## Problem
In the entries below, find the line with "Boku no Hero" and the line with "2017 Honda Civic Si FWD photo"; copy them and every line between them exactly, but not the pictures.

## Material for the task
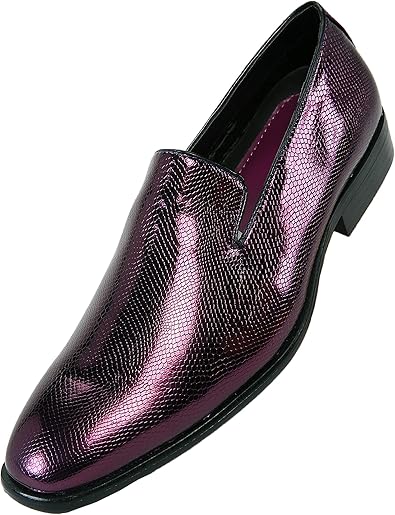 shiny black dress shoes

--

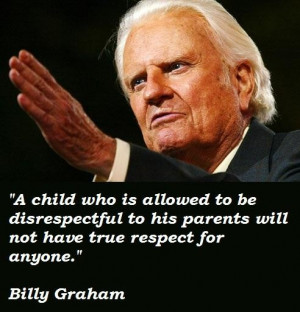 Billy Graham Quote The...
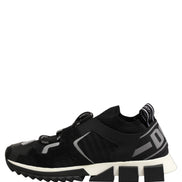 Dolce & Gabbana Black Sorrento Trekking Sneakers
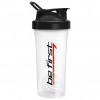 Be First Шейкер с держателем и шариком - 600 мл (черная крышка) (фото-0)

---

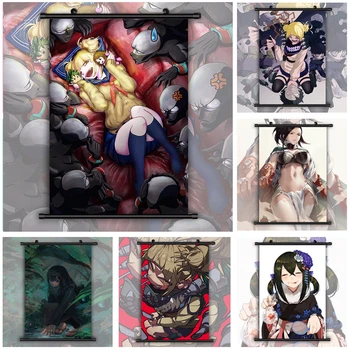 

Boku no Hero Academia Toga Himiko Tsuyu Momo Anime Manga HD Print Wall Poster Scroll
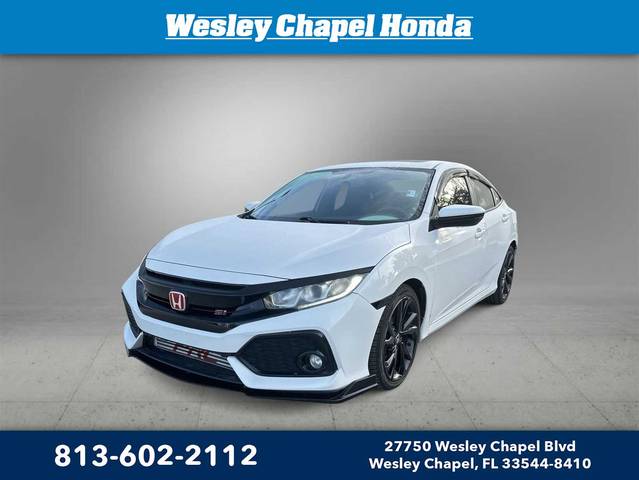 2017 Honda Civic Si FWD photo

## Task output
Boku no Hero Academia Toga Himiko Tsuyu Momo Anime Manga HD Print Wall Poster Scroll
 2017 Honda Civic Si FWD photo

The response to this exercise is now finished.